Despite minor complaints like these, both parties generally benefit from debates, at the expense of the public. Although every party has some undefendable positions,the establishment much prefers a platform from which the public chooses between candidates based on eloquence or attractiveness over one where politicians might be penalized for incorrect or misleading statements. This model also prevents non-mainstream candidates from even reaching the public eye. As George Farah, director of Open Debates, notes: “... the debates' rules of order have been hijacked by the two main political parties. The result?

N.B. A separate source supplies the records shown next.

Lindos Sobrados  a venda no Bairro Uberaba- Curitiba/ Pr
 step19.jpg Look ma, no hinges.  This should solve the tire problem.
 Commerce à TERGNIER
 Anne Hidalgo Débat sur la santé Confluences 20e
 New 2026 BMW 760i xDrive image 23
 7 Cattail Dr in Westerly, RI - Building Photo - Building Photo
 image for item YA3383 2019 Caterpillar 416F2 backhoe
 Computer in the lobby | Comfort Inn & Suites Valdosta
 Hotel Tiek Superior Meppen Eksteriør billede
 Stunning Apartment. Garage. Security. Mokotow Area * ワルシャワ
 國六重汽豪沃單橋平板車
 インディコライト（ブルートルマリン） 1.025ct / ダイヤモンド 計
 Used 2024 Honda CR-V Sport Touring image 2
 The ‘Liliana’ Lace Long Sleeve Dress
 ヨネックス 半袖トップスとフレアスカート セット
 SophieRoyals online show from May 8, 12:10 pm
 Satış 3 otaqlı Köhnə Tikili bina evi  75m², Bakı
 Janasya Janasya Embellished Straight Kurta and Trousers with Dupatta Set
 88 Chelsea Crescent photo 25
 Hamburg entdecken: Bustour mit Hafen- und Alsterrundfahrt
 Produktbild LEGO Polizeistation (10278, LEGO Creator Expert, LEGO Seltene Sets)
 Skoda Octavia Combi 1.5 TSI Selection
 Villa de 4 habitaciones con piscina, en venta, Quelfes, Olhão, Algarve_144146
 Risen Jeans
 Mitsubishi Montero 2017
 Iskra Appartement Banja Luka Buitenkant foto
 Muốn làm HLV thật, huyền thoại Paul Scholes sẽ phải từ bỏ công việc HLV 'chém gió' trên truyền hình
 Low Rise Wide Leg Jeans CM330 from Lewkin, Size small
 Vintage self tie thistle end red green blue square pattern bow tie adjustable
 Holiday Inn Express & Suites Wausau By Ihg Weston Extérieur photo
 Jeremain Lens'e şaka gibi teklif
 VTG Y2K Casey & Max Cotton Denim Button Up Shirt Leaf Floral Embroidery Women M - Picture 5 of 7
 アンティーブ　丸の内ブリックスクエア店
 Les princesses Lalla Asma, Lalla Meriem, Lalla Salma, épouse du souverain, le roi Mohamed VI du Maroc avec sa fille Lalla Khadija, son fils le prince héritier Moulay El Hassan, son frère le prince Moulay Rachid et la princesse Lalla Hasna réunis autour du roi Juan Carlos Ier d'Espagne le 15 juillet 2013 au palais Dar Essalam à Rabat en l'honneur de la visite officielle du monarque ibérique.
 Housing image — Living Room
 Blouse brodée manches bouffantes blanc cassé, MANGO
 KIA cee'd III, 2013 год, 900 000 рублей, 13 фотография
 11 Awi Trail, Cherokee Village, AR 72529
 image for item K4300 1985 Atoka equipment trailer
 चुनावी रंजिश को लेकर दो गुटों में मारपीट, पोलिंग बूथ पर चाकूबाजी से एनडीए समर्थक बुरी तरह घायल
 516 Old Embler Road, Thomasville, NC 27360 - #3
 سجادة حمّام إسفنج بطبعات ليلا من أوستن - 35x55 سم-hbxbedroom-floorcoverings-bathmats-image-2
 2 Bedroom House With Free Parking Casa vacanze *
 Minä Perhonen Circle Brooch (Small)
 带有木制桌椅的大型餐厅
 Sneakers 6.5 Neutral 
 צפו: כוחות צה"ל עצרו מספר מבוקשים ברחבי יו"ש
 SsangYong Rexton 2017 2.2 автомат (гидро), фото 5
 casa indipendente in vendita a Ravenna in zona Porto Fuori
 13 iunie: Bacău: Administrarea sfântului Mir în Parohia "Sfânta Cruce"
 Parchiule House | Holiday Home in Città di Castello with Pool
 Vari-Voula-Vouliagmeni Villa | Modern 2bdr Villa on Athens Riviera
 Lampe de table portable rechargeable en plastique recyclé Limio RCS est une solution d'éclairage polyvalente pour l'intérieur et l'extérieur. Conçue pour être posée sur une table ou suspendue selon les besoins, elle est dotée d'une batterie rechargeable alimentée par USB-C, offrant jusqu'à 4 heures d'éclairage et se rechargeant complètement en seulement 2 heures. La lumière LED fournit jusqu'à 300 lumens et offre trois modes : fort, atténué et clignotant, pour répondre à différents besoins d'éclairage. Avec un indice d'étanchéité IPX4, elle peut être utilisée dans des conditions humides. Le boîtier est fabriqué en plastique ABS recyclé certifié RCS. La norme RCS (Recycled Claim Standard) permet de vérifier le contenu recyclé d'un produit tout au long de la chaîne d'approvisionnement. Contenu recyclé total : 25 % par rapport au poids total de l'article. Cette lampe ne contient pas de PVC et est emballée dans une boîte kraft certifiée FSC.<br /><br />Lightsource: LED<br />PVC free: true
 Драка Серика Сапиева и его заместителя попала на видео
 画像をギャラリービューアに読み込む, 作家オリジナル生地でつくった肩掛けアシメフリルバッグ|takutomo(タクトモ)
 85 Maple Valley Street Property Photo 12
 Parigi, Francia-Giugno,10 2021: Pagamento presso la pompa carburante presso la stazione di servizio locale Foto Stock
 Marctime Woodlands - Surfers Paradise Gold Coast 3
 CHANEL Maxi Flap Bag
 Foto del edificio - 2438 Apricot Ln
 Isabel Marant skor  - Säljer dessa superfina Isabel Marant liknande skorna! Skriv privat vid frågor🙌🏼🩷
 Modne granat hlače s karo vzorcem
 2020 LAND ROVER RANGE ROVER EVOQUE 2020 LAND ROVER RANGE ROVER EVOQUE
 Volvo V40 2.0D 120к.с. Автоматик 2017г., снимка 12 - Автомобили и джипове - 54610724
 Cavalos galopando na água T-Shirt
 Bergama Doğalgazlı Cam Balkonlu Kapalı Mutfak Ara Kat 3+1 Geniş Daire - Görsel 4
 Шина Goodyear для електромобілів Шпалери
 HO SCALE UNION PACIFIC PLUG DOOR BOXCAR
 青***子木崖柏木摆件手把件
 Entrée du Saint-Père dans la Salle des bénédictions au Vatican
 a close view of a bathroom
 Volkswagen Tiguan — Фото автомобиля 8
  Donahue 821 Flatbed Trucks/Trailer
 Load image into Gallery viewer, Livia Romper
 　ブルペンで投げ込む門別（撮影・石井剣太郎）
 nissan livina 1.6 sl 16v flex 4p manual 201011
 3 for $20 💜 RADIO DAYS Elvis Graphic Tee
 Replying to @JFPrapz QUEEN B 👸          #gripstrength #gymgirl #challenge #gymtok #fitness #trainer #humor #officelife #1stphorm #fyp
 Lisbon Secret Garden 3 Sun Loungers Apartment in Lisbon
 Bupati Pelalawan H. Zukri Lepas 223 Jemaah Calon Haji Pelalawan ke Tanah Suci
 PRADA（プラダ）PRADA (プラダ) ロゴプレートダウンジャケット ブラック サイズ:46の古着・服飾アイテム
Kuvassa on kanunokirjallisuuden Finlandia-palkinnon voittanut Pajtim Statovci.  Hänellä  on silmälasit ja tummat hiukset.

Moderators can't ask followup questions, important issues are never raised, and credible third-party candidates are excluded from the proceedings altogether.”
Fine-tuning debates, as the Republican establishment now wants, can only go so far. Ensuring the moderators are friendly (and the temperature adequate) does nothing to address the fundamental problems with the structure of debates. They systematically degrade the quality of the political discourse in a number of ways: incentivising glib talking at the expense of accuracy, highlighting “gotcha” moments instead of ideas, and allowing candidates to get away with tactics that would never work outside of a debate setting. The “winner” of a debate is often the person who spoke best, as opposed to the person with the best ideas, or even the best defense of their ideas. Arguments need not be consistent, correct, or on topic, as long as they are presented convincingly.
The debates often matter significantly more than other political events, because they get mass exposure. Seemingly trivial mistakes, like Rick Perry’s infamous “Oops” moment, can and do ruin candidacies, even though they arguably matter little to expected Presidential performance. Those kinds of mistakes happen because debates are aired live; in general, edited media is of higher quality. People make mistakes that they can’t undo when their remarks air unedited, and fact-checking is a lot easier to get right when you have more time to research, instead of needing to formulate your answer within a handful of seconds. And why care about facts, when the overwhelming majority of your audience will never look up the truth? Factcheckers like Factcheck.org and PolitiFact get nowhere near the reach that the debates get, limiting their impact. This shows: pretty much every major candidate has at least one “Pants-on-fire” rating from Politifact, and/or several “Falses”; clearly there’s little incentive not to lie.
Instead of debates, why not have every candidate write a series of articles explicating their position on key issues, the process they use to come up with positions, and arguments against their opponents' previous articles? If this was the primary way their views were
disseminated to the public, they would presumably get high readership; perhaps not as much as the debates, but close. Then, getting the facts wrong would be met by a devastating rebuttal in their opponent's next articles, instead of on little-read blogs and fact-checkers. Candidates would have more time to compose and edit their arguments, and so mistakes made due to pressure would disappear. If they want to appeal to the public, they’ll need to be clear, and so misleading and illogical arguments would be easier to notice. And, of course, we won’t have all this drama whenever a moderator asks the wrong questions.
In short, I am advocating that politics adopt the model employed so successfully by academia. We do not decide scientific disputes by getting people in a room to compete for the best performance. Why should that decide who the most powerful person in the country will be?